(TASK MATERIAL begins)
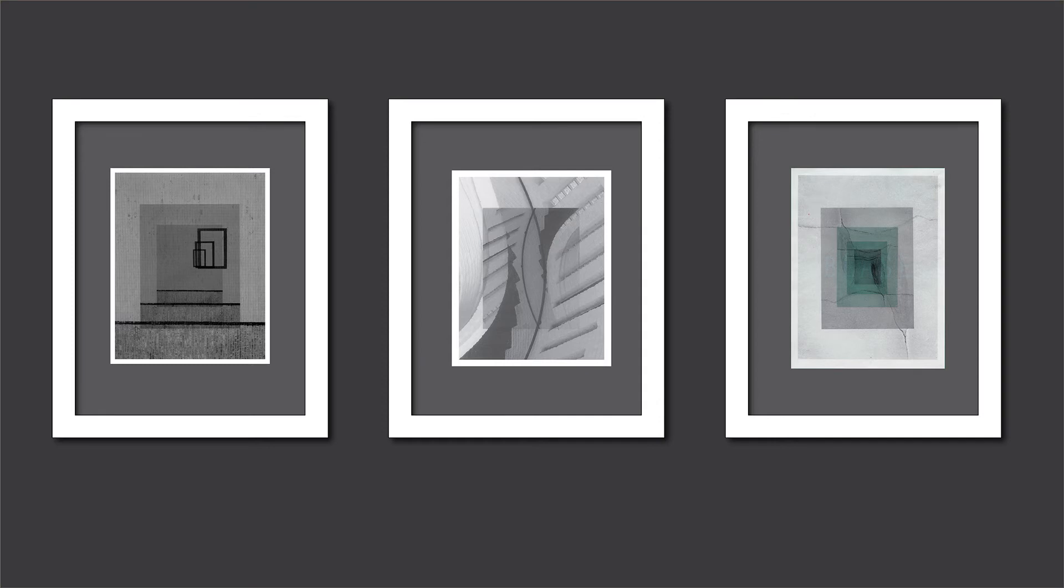And finally here's an approximation of what a triptych would look like. I've chosen three out of the eight as 11 by 14 frames with an 8 by 10 print. So there you have it.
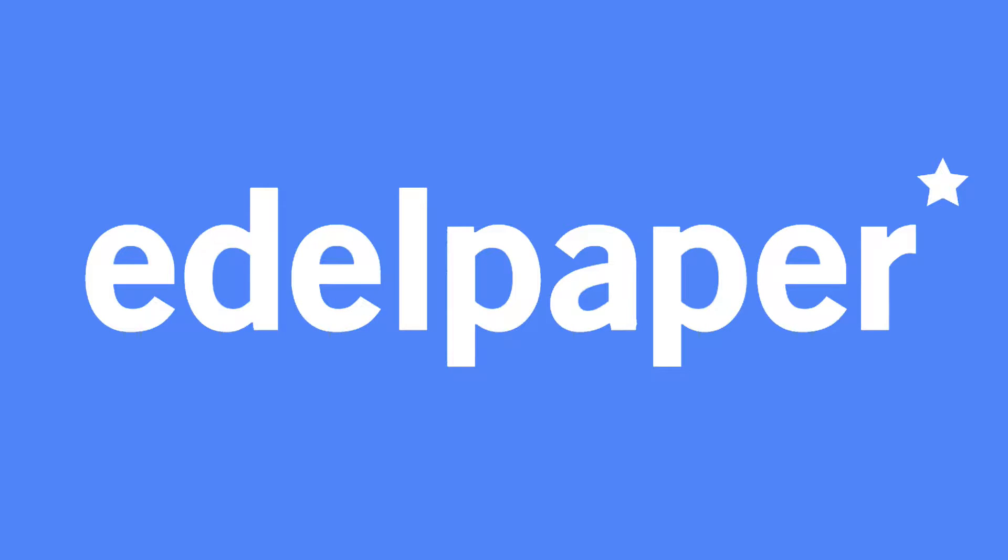Hello and welcome to our Edelpaper video tutorial. In this video we want to show you how easy it is to transform your static PDF files into an interactive online flipbook.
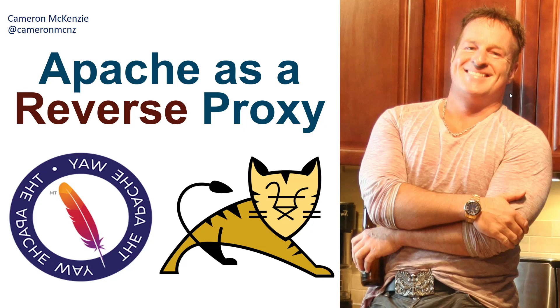Hey, I'm Cameron McKenzie, I'm the editor in chief over at theserverside.com. And I want to quickly show you how to configure Apache as a reverse proxy.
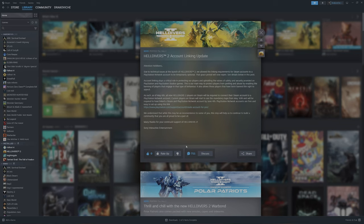Then they say we understand this may be an inconvenience to some of you. This step will help us to continue to build the community that you're all proud to be a part of. Many thanks to your continued support of Helldivers 2. Sony Interactive Entertainment.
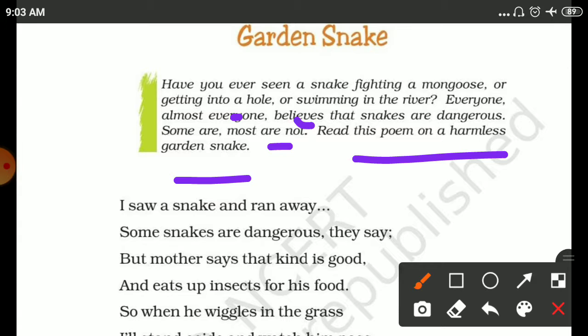So in the starting, the poet says that he sees a snake in the garden and he runs away from there. Then some people say snakes are dangerous.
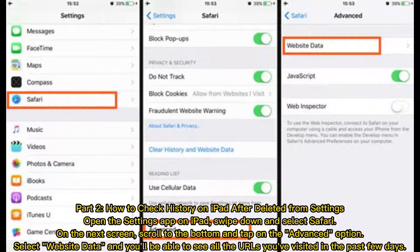Part 2: How to Check History on iPad After Deleted from Settings. Open the Settings app on iPad, swipe down and select Safari. On the next screen, scroll to the bottom and tap on the Advanced option. Select Website Data and you'll be able to see all the URLs you've visited in the past few days.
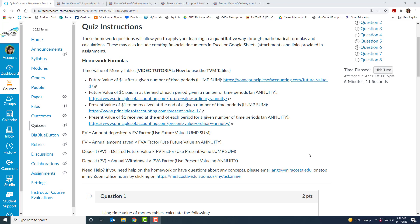In this video I'll show you how to use the time value of money tables. So what I have right here is the chapter 4 homework problems, and recall that in the beginning of every homework assignment I have the homework formulas and resources posted at the top in the instructions.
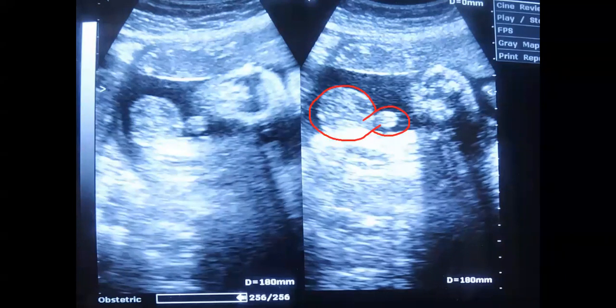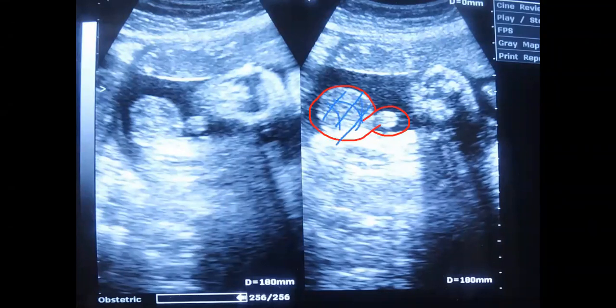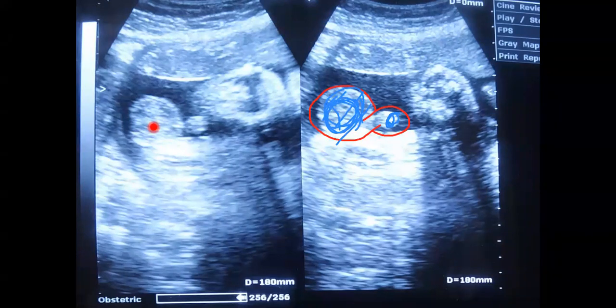Actually, this part is the testis — the scrotum. This is the scrotum of the fetus. And this protruded part is the penis of the fetus. On the left image, the same: this is the scrotum of the fetus, and this is the penis of the fetus.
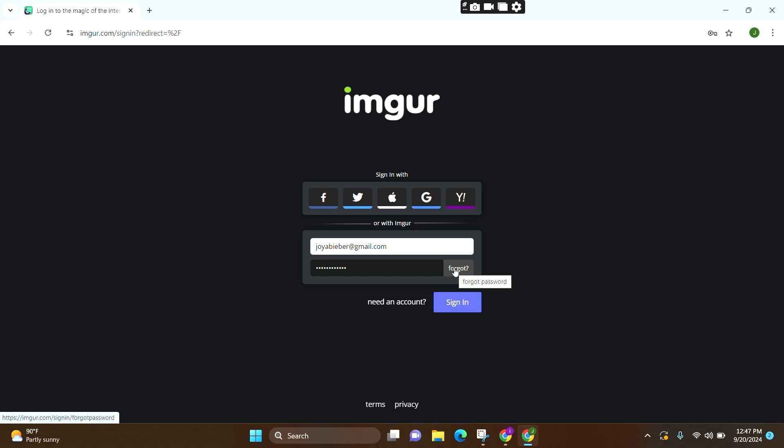In case if you don't have your account, then you can click over here and create yourself an Imgur account. If not, then you can simply click on Sign In and you will be successfully logged in or signed into your Imgur account.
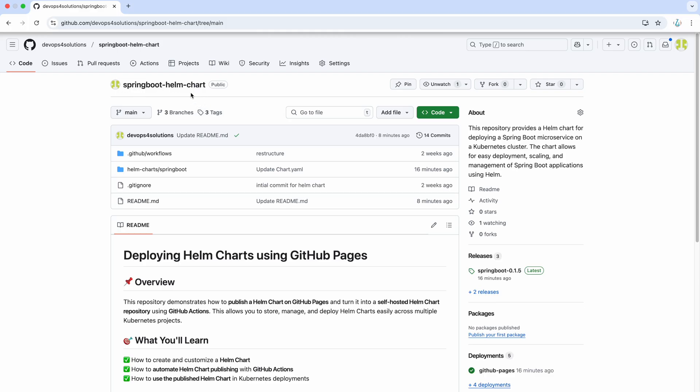Here you can see that I have created this Spring Boot Helm chart repository where I have created a custom Helm chart for Spring Boot. Basically, first to create all those templates, you can just run Helm create Spring Boot.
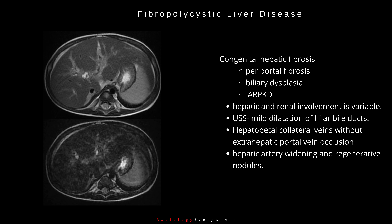Congenital hepatic fibrosis manifests as periportal fibrosis, biliary dysplasia, and autosomal recessive polycystic kidney disease. Both the hepatic and renal involvement is variable.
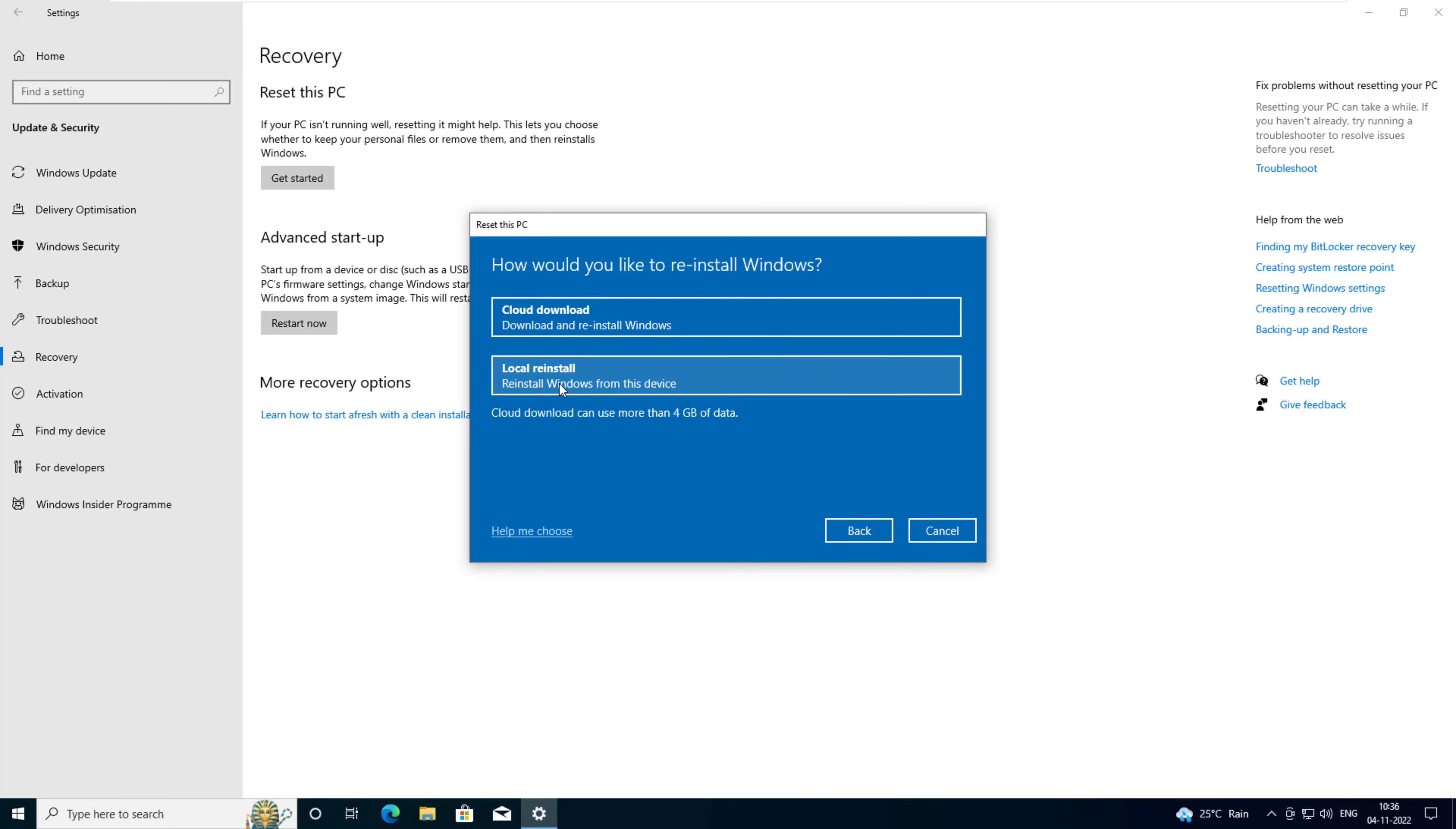Click cloud download or local reinstall. Cloud download will download a fresh new version of Windows from the internet and install it. Local reinstall reinstalls Windows from data stored on your computer. Installing a fresh version from online is usually a better option than installing Windows from your local computer.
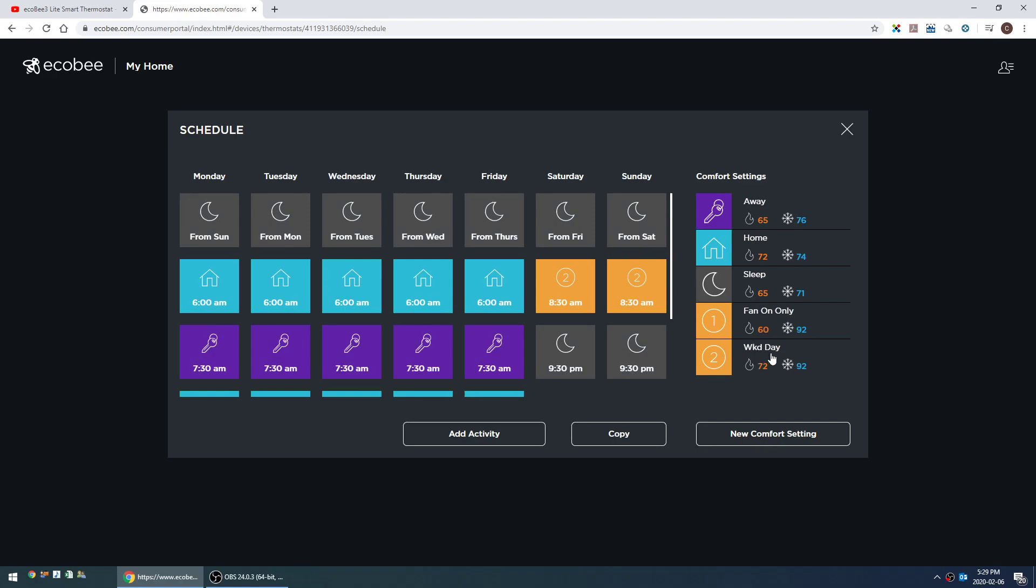The custom comfort setting that we still use is the weekend day. As you can see during the heating season, the temperature is exactly the same as our normal home mode at 72, but the cooling temperature is different. The reason for this is in the summer we tend to be in and out a lot, and so we don't want the AC to be kicking itself on unless we manually tell it to.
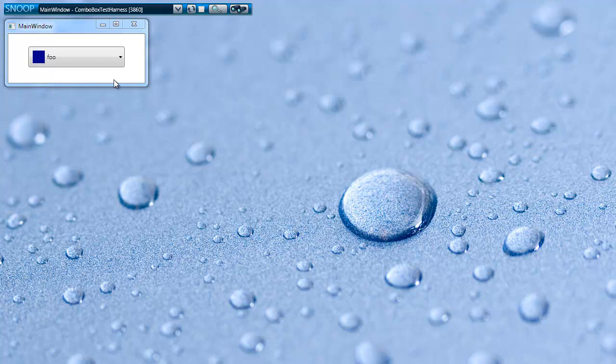Up on the screen here, I have a simple application with a combo box filled with combo box items. The really cool thing about the Ctrl Shift mouseover trick is that you can Snoop transient visuals like the pop-up that drops down from the combo box.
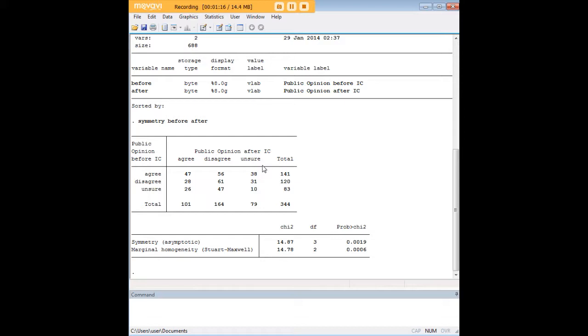The symmetry test is particularly useful for survey data where there's a simple before and after measurement, and you'd like to know if there has been a significant change in those measurements due to some precipitating event.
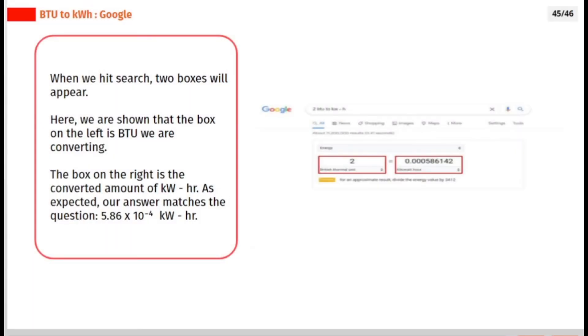When we hit search, two boxes will appear. Here, we are shown that the box on the left is BTU we are converting. The box on the right is the converted amount of kilowatt-hour.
(TASK MATERIAL ends)
Pictures excluded, give again exactly and only the lines of the material above from the line with "Hey, I'm Cameron" through the line with "So in the starting, the".

### [ANSWER TO THIS TASK]
Hey, I'm Cameron McKenzie, I'm the editor in chief over at theserverside.com. And I want to quickly show you how to configure Apache as a reverse proxy.
Then they say we understand this may be an inconvenience to some of you. This step will help us to continue to build the community that you're all proud to be a part of. Many thanks to your continued support of Helldivers 2. Sony Interactive Entertainment.
So in the starting, the poet says that he sees a snake in the garden and he runs away from there. Then some people say snakes are dangerous.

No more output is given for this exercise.